As the shown in the embodiment of FIG. 3, an attachment level or point 329 for the second end of the flexible conduit 327 can be located near a top of the print cartridge reservoir 331. In this manner, as the ink is advanced forward into the print cartridge reservoir 331 it can dispense into the print cartridge reservoir 331 to refill the reservoir under the action of gravity. Embodiments, however, are not limited to the attachment point 329 shown in FIG. 3. During the course of a pumping session the pump 320, e.g., a peristaltic pump, will alternate between a forward pump cycle and a reverse pump cycle.

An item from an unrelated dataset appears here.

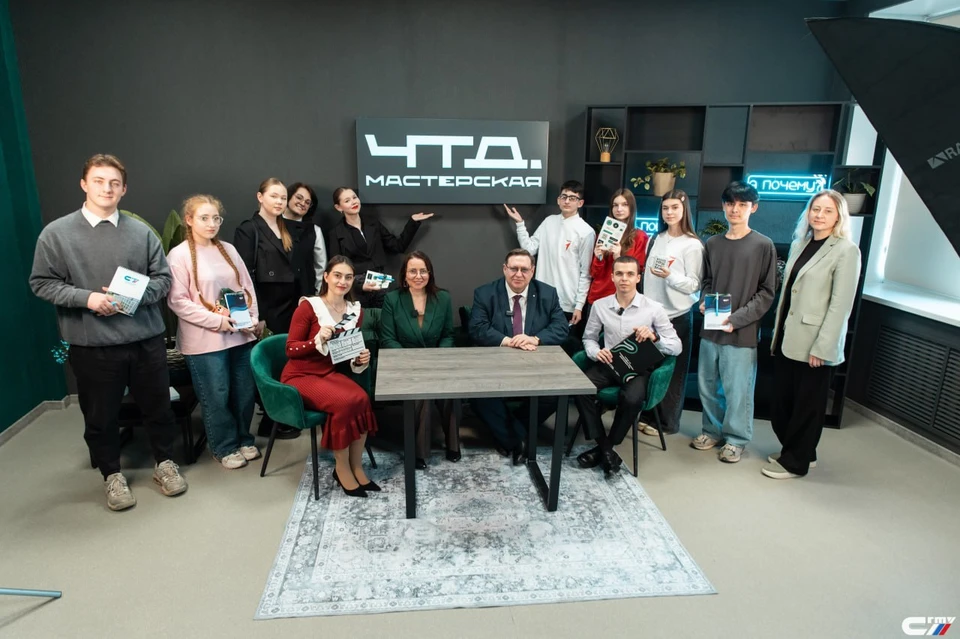 Пресс-служба СГТУ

Thus, during a reverse pump cycle the pump 320 will pump from the print cartridge reservoir 331 toward the supply tank 310. In this example, if the print cartridge reservoir 331 is not filled to the attachment level 329 air may be drawn into the flexible conduit 325 instead of, before or in addition to ink being drawn back into the flexible conduit on the reverse pump cycle.
In one embodiment, as a peristaltic pump 320 moves ink forward, e.g., in a forward pump cycle from the supply tank 310 to the print cartridge reservoir 331, the sensors 322 and 324 can be turned off. In the reverse pump cycle the sensors 322 and 324 can be turned on, e.g. to measure capacitance or light intensity as described above. The detection and measurement function of the sensors 322 and 324 together with the software and/or firmware associated with the tracking and transfer module can provide a state indication, e.g., a fluid fill level for the print cartridge reservoir 331. For example, the presence of a certain quantity of air or other gas detected in the flexible conduit 325 can indicate that the print cartridge reservoir 331 has not yet been filled to the attachment level 329 in which case the pumping session, forward and reverse cycles can continue. When a different state indication is detected on a reverse pump cycle, e.g., detection of mostly fluid in the flexible conduit 325, the pumping session can halt. Embodiments, however, are not limited to this particular example.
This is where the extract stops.